For Clinton, part of that might involve more direct government communication, an issue she touched on in another part of the interview. She noted that as part of the policy advocated by President Obama, most of the Syrian chemical weapons are on their way to being destroyed.
"That's an important accomplishment but it needs to be carefully and consistently explained ... part of what American leaders are learning is that we have a much broader audience. It used to be enough for American presidents to talk to the American Congress, the American public, the American media and then that would be dispersed," she said. "That's no longer the case. Part of why I did the kind of diplomacy I did was I recognized that it's no longer just two government officials sitting down and talking, you have a whole universe of people behind each, you have social media operating.
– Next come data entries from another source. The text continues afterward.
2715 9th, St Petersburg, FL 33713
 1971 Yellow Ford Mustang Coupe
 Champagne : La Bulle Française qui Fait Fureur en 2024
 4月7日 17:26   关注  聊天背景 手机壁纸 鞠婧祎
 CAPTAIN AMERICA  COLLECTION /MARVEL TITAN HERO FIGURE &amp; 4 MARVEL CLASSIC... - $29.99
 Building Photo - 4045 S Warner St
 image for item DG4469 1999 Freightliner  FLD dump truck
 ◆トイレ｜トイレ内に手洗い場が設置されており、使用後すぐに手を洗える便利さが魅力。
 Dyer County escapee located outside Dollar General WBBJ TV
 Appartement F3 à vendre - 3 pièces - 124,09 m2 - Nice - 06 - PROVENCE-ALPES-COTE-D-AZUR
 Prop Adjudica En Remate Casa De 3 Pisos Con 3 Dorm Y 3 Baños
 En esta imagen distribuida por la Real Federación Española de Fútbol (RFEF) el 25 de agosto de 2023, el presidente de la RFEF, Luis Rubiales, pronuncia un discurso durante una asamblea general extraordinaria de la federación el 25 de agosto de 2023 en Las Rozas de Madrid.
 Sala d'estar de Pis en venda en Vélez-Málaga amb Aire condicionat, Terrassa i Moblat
Even dictators have to listen to the public, as Mubarak found out, so we have to communicate more effectively and tell our story better."
Kleber's interview with Clinton generated buzz among the German media and political Twittersphere when he took the occasion of the short-notice interview to start his Twitter account, firing off short dispatches about his rush to fly to New York for seven hours for the interview at the Peninsula Hotel in Manhattan between broadcasts, and his experiences with plane delays and immigration.
"On the plane. 7 hours for preparation. Intvu is a conflict. She wants to sell book. I want to know what makes her tick. Tips, anybody?," he posted as his flight took off. Before heading back to JFK after the interview, he posted: "It's in the box. 3 cameras 25 minutes. One surprisingly energetic, open Hillary" and "In my baggage interesting comments on Syria, Putin, Obama, Snowden, her ambitions and a surprisingly hearty laugh from her. [in English]: She will go for it!"
The full interview is available here in English.
Es ist im Kasten! 3 Kameras 25 Minuten. 1 überraschend energiegeladene, offene Hillary. pic.twitter.com/vRjZJtW3WD
— Claus Kleber (@ClausKleber) June 12, 2014
Clinton was also asked about the surveillance issue in an interview with German magazine Stern, including how she would have reacted had the German intelligence service tapped her cell phone. "I would have been just as angry as the Germans are. I would demand that my friend and ally immediately stop listening. I would demand that they would also in the future not have the means to tap my cellphone." Asked if Snowden was a traitor or a spy, Clinton said in that interview that he had broken the law and should come back to the U.S. to stand trial.